For the HNSCC clinical data, we collected 527 samples. The inclusion criteria were as follows: HNSCC samples with complete CNV data, single nucleotide variation (SNV) data, transcriptome data, and clinical information. A total of 490 samples were used for the survival analysis. The total number of samples was determined after integrating the data and excluding samples with incomplete clinical information and those with survival times of less than 30 days. A total of 521 HNSCC samples with CNV data were retrieved and 508 HNSCC samples with SNV data were used for analyses. For our mRNA-expression dataset, we obtained 500 HNSCC samples.

Gene set enrichment analysis and gene set variation analysis (GSVA)
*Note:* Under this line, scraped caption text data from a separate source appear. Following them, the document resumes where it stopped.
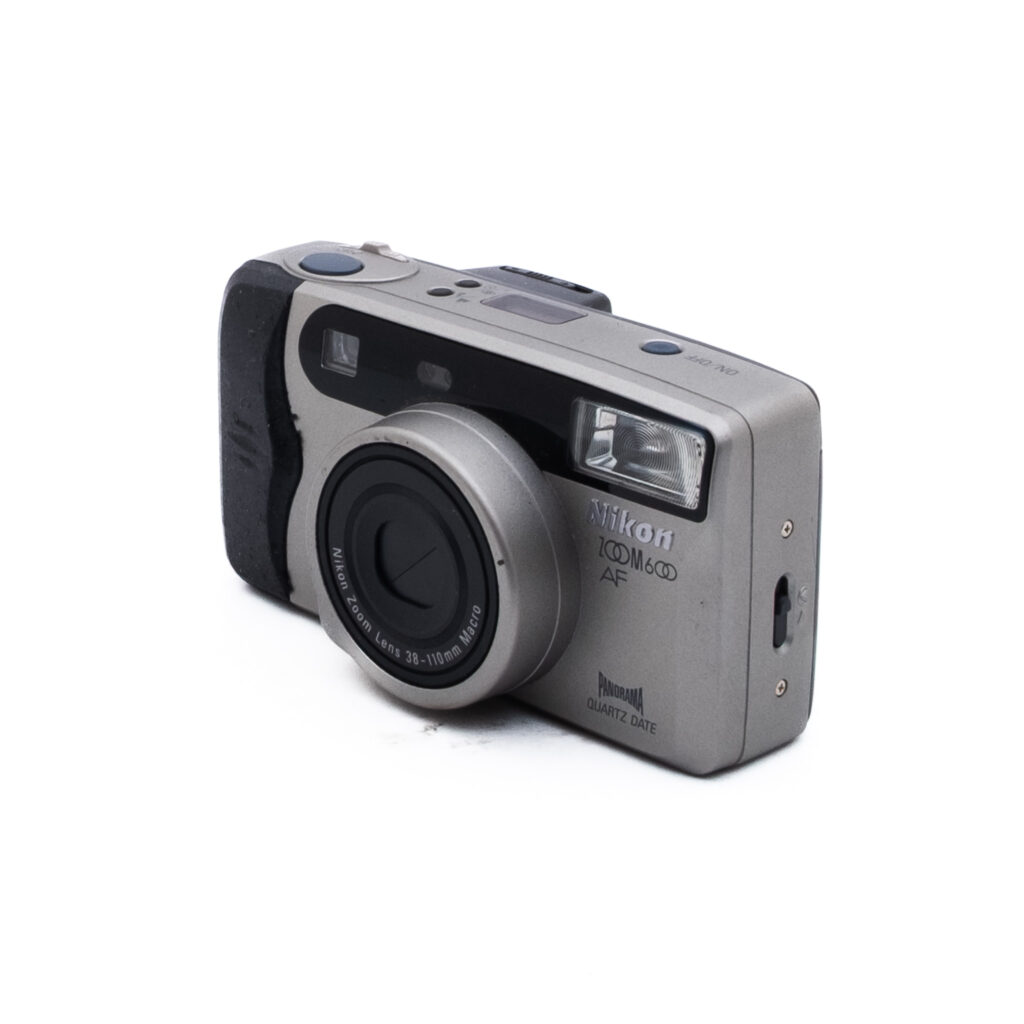 Nikon Zoom 600 AF-5 Nikon Zoom 600 AF -filmikamera - Käytetty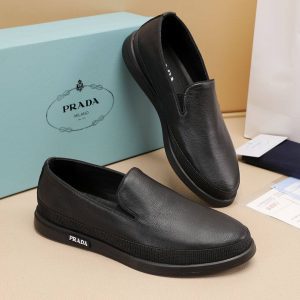 Лоферы мужские Prada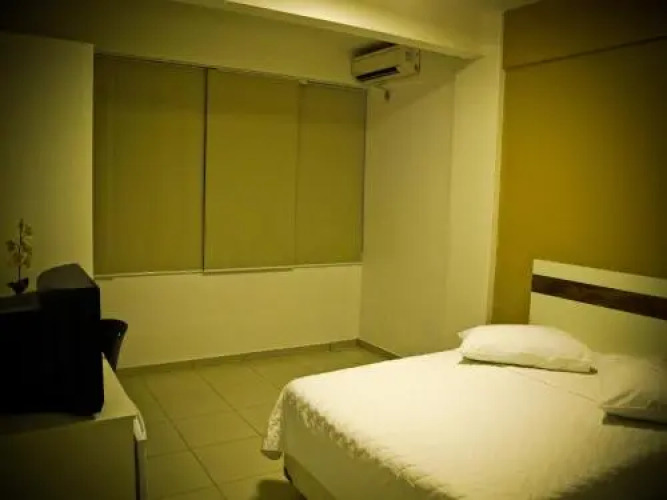 Amazon Plaza HotelOver view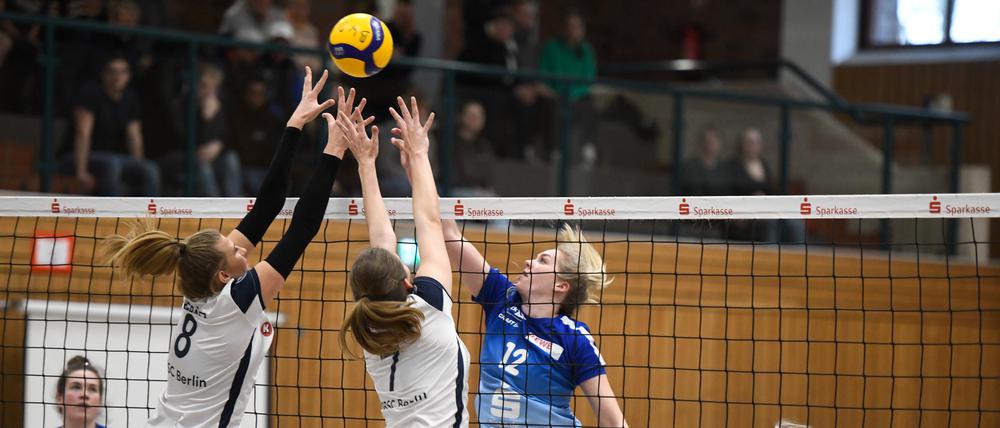 Eine große Stärke der Volleyballerinnen des BBSC war stets die Abwehr. Dort herrscht derzeit noch Nachholbedarf.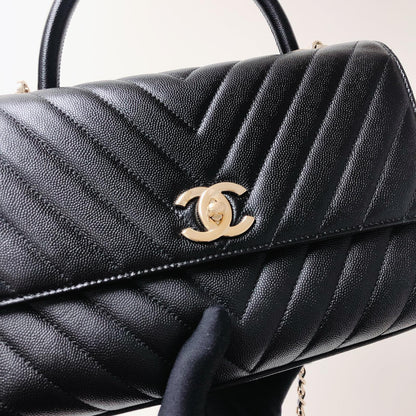 Coco Handle Medium Chevron Flap Bag in Black with GHW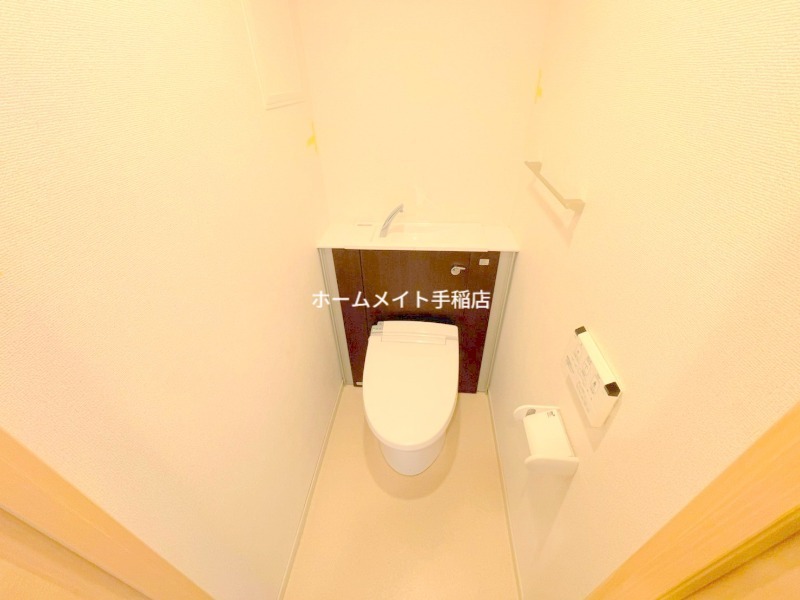 トイレ　シャワートイレ付きでございます！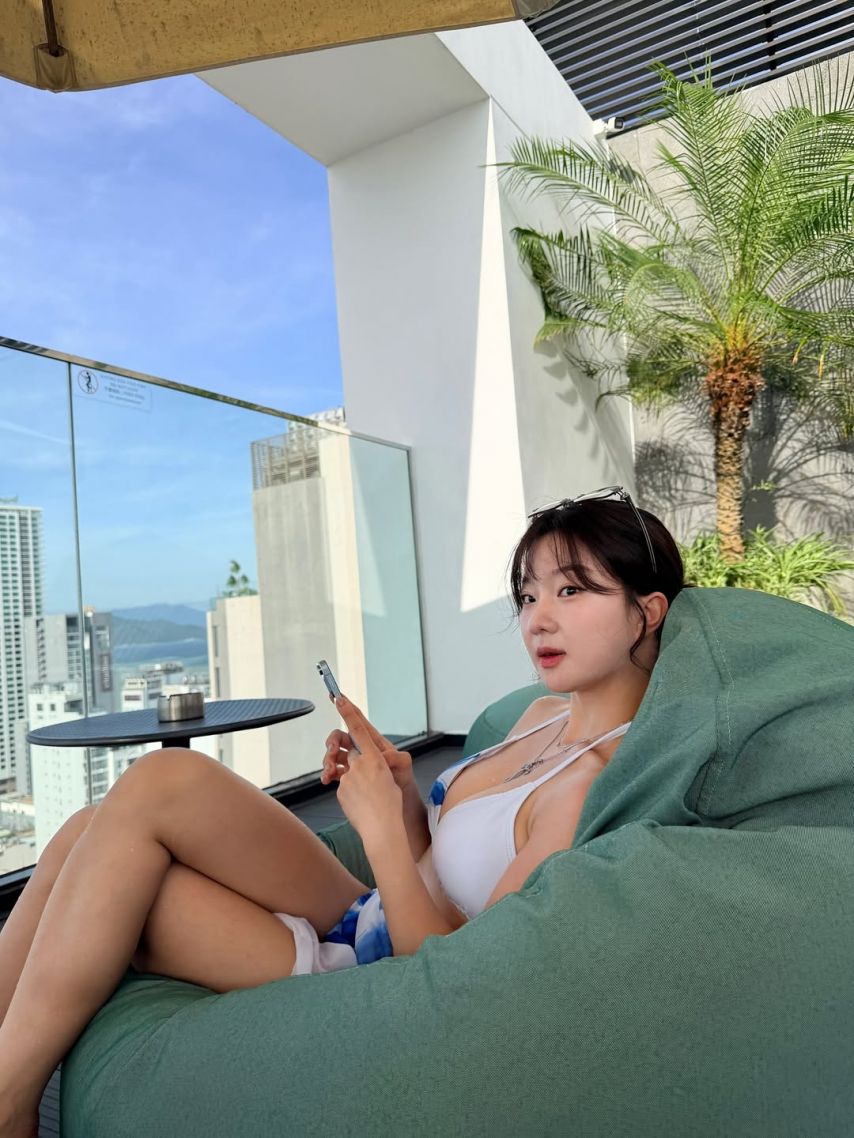 산속에 백만송희 비키니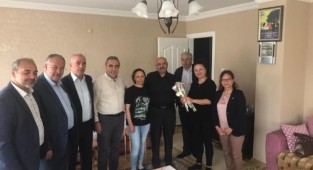 CHP Bayraklı'dan bayram ziyareti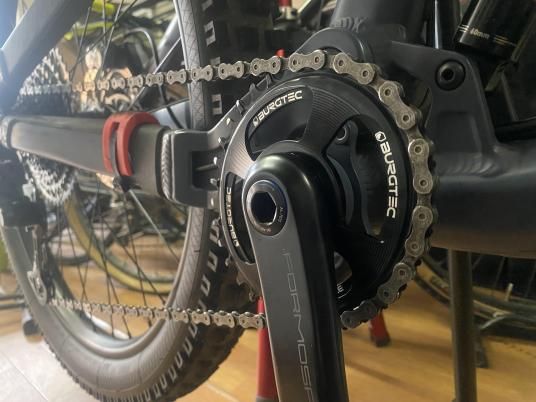 BURGTEC＊オーバル ワイド＆ナロー チェーンリング - スポーツ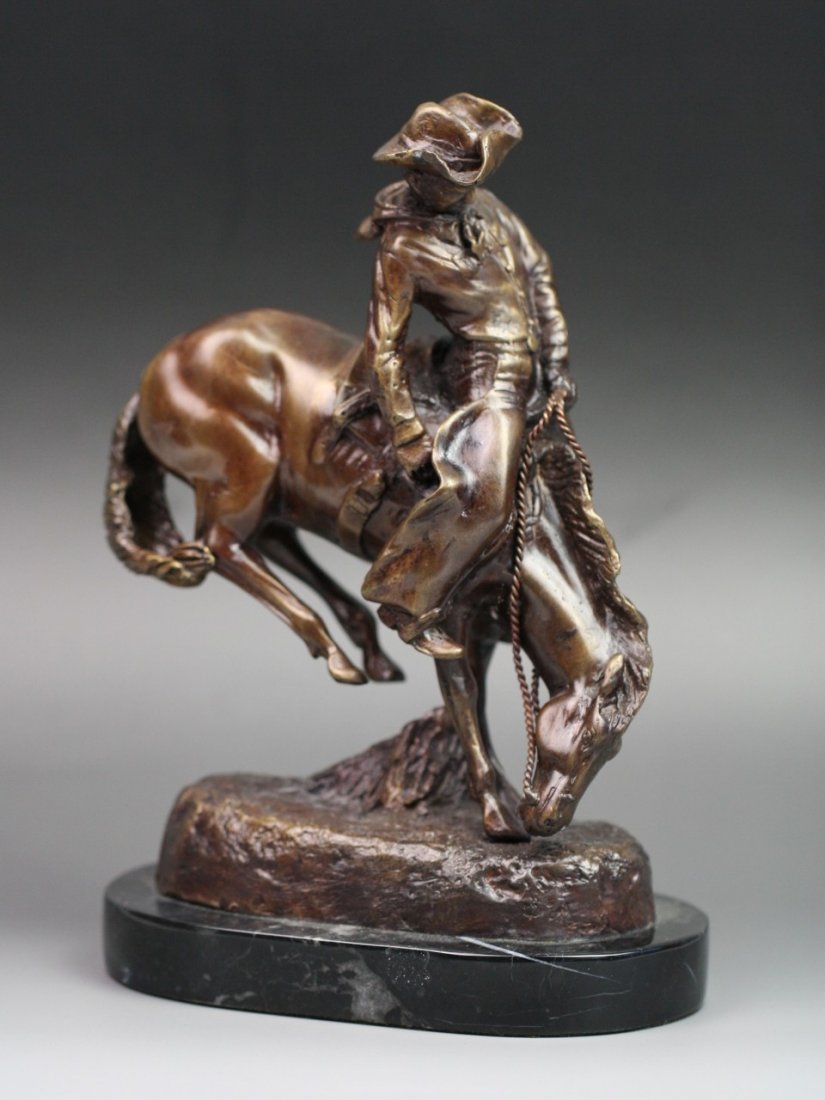 Bronze Statue Frederic Remington (1861-1909): Bronze Statue Signed Frederic Remington: Horseman; handmade and cast (1861-1909); H: 8-1/2"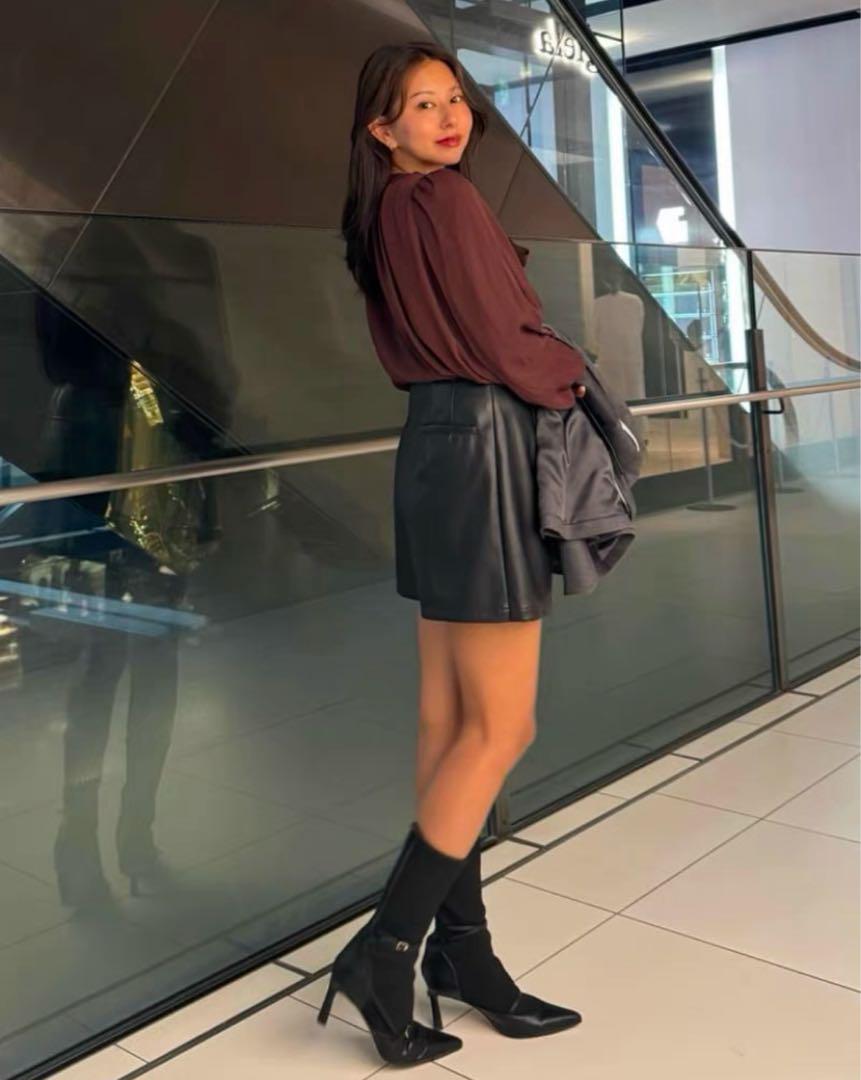 靴 Herlipto Belted Sock Boots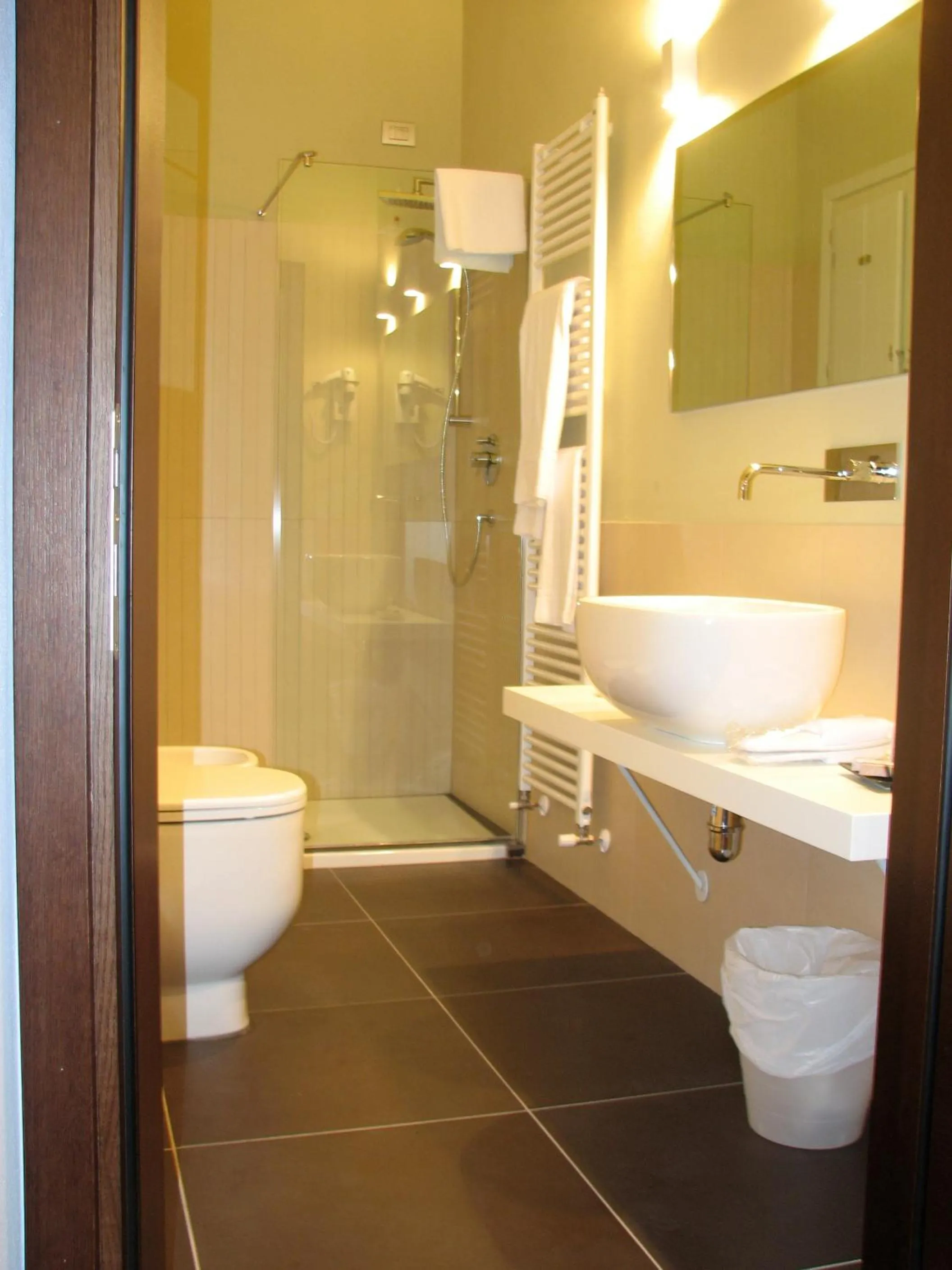 Bathroom in Parizzi Suites & Restaurant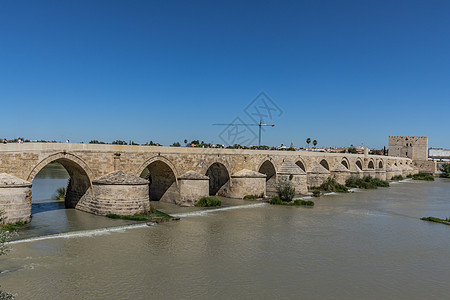 西班牙科尔多瓦著名历史建筑古罗马桥图片
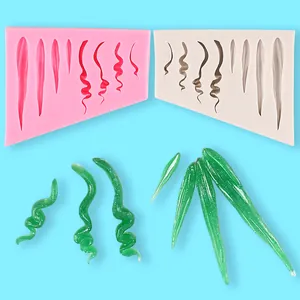Detalle de moldes de silicona para cabello de muñeca con muestras de resina
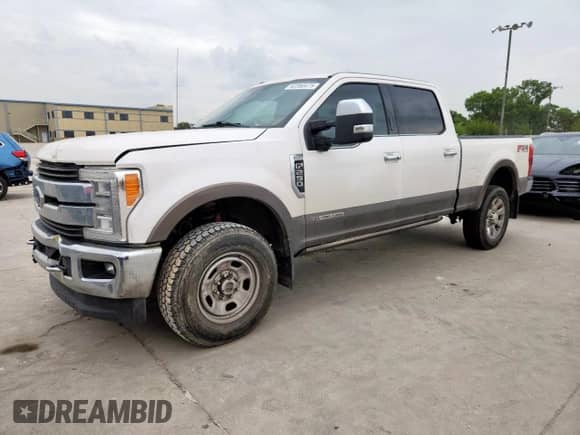 2017 Ford F-250 Lariat with VIN 1FT7W2BTXHEE31279, listed as a Copart auction lot 62380475 with 128,691 mi miles and Clean title. Bid and sale history available at DreamBid. Image 1.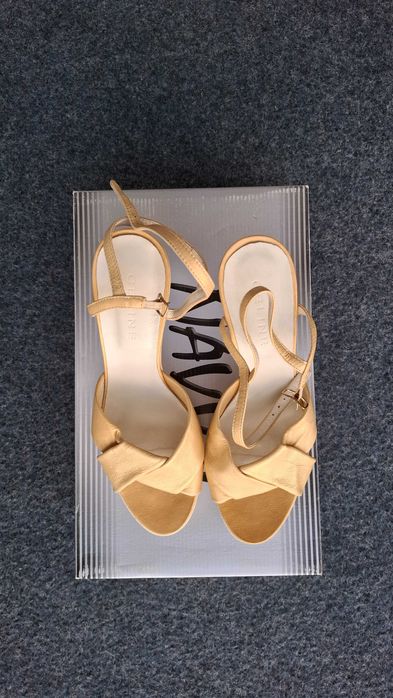 Стилни дамски сандали на ток, от естествена кожа.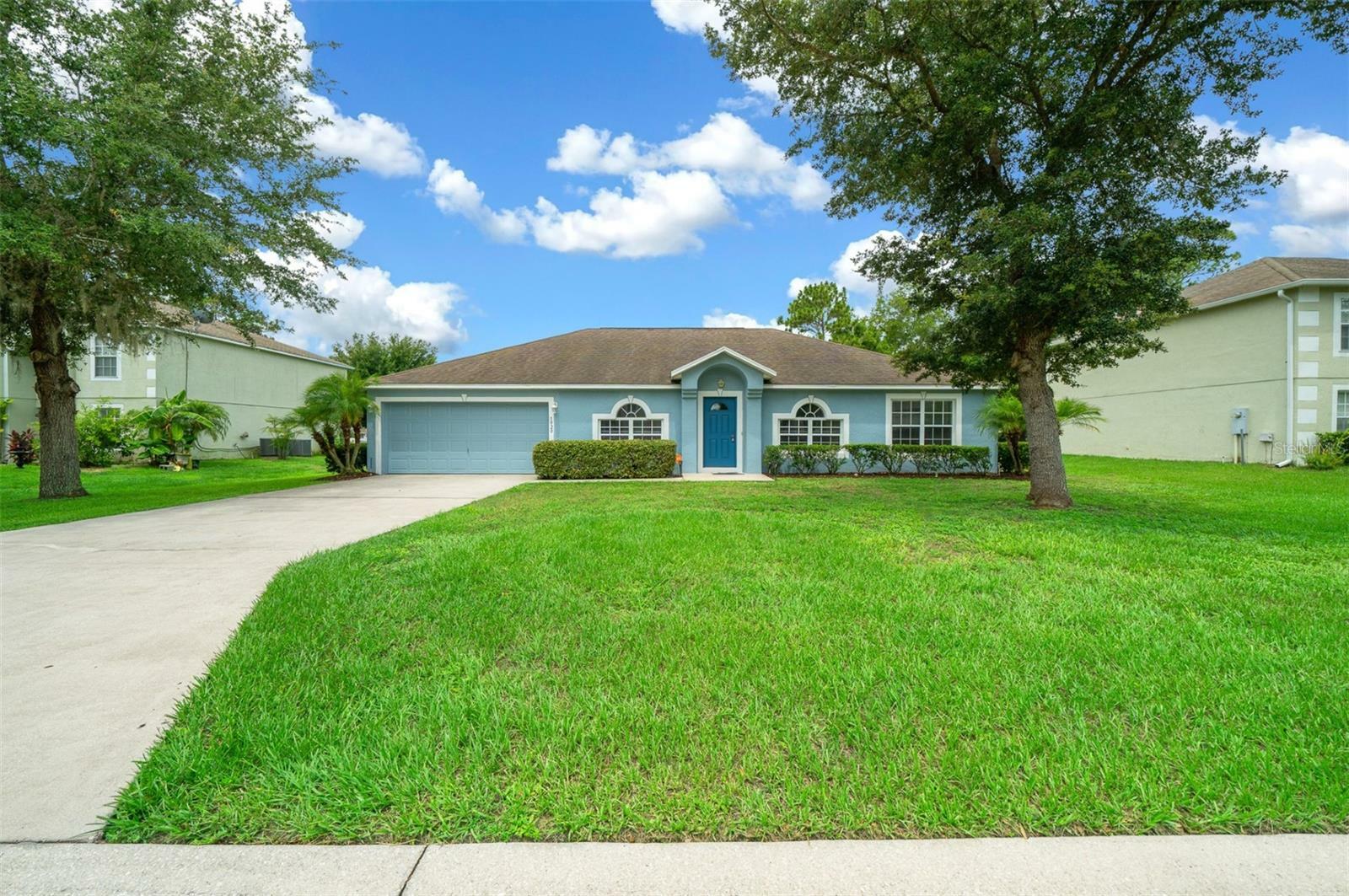 Property Photo:  3020 SE 45th Court  FL 34480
GSEA was performed with the GSEA v2.0.13 tool (http://www.broad.mit.edu/gsea/), as described previously [21]. The mRNA expression profiles of ALYREF and DNMT1 were extracted from the TCGA database to explore their potential biological functions. We used GSEA to identify the potential influences of different expression levels of ALYREF and DNMT1 on HNSCC pathogenesis. Additionally, we used GSVA, an unsupervised method without parametric values, to estimate variations in enrichment throughout the gene expression data set.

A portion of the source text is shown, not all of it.